【python数据处理】seaborn

简化了matplotlib  不存在直方图

Seaborn是一个Python数据可视化库,它提供简单的代码,为统计探索和洞察创建优雅的可视化。Seaborn基于Matplotlib,但在几个方面改进了Matplotlib:

  • Seaborn提供更具视觉吸引力的绘图风格和简洁的语法。
  • Seaborn本身了解Pandas DataFrames,可以更轻松地直接从CSV绘制数据。
  • Seaborn可以轻松地将包含许多行数据的Pandas DataFrames汇总到聚合图表中。

 

1.引入 

import seaborn as sns

 

 

2.使用

首先使用pandas导入csv再使用seaborn绘图

例子:

import codecademylib3_seaborn
import pandas as pd
from matplotlib import pyplot as plt
import seaborn as sns

# Load results.csv here:
df = pd.read_csv('results.csv')
print(df)

sns.barplot(
	data=df,
	x='Gender',
	y='Mean Satisfaction'
)
 
plt.show()
  Gender Mean Satisfaction
0 Male 7.2
1 Female 8.1
2 Non-binary 6.8

3.聚合

自动将数据聚合了

例子:

import codecademylib3_seaborn
import pandas as pd
from matplotlib import pyplot as plt
import seaborn as sns

gradebook = pd.read_csv("gradebook.csv")

print(gradebook.head())

sns.barplot(data=gradebook,
           x='assignment_name',
           y='grade')

plt.show()
  student assignment_name grade
0 Amy Assignment 1 75
1 Amy Assignment 2 82
2 Bob Assignment 1 99
3 Bob Assignment 2 90
4 Chris Assignment 1 72
5 Chris Assignment 2 66
6 Dan Assignment 1 88
7 Dan Assignment 2 82
8 Ellie Assignment 1 91
9 Ellie Assignment 2 85

4.barplot

默认显示的是平均值 可以显示中值 也可以显示某个值的出现次数 会隐藏掉一部分信息 无法体现出值的分布

参数

(1)         .ci='sd'

使用sns.barplot 时 加入参数ci='sd' 可以使图自动变成errorbar一样的,并且存在一个标准差的误差允许范围 

(2)         estimator=np.median

使用sns.barplot时 加入参数estimator=np.median 可以使图统计y的中位数

len统计个数

(3)        hue=         增加比较变量

原来只比较年龄,增加了hue=‘Gender’后多了个比较量 

import codecademylib3_seaborn
import pandas as pd
from matplotlib import pyplot as plt
import seaborn as sns
import numpy as np

df = pd.read_csv("survey.csv")

sns.barplot(data=df,
            x="Age Range",
            y="Response",
            hue="Gender",
            ci='sd')

plt.show()

5.KDEPLOT

KDE代表核密度估计器 

sns.set_style("darkgrid")  控制样式
sns.set_palette("pastel")

import codecademylib3_seaborn
import pandas as pd
import numpy as np
from matplotlib import pyplot as plt
import seaborn as sns

# Take in the data from the CSVs as NumPy arrays:
set_one = np.genfromtxt("dataset1.csv", delimiter=",")
set_two = np.genfromtxt("dataset2.csv", delimiter=",")
set_three = np.genfromtxt("dataset3.csv", delimiter=",")
set_four = np.genfromtxt("dataset4.csv", delimiter=",")

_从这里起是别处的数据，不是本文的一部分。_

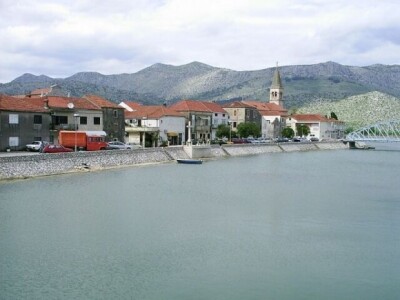 Grad Opuzen uz Neretvu (detalj) Grad Opuzen uz Neretvu (detalj)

# Creating a Pandas DataFrame:
n=500
df = pd.DataFrame({
    "label": ["set_one"] * n + ["set_two"] * n + ["set_three"] * n + ["set_four"] * n,
    "value": np.concatenate([set_one, set_two, set_three, set_four])
})

# Setting styles:
sns.set_style("darkgrid")
sns.set_palette("pastel")

# Add your code below:
sns.kdeplot(set_one, shade=True)
sns.kdeplot(set_two, shade=True)
sns.kdeplot(set_three, shade=True)
sns.kdeplot(set_four, shade=True)

plt.show()

6. boxplot 箱线图

import codecademylib3_seaborn
import pandas as pd
import numpy as np
from matplotlib import pyplot as plt
import seaborn as sns

# Take in the data from the CSVs as NumPy arrays:
set_one = np.genfromtxt("dataset1.csv", delimiter=",")
set_two = np.genfromtxt("dataset2.csv", delimiter=",")
set_three = np.genfromtxt("dataset3.csv", delimiter=",")
set_four = np.genfromtxt("dataset4.csv", delimiter=",")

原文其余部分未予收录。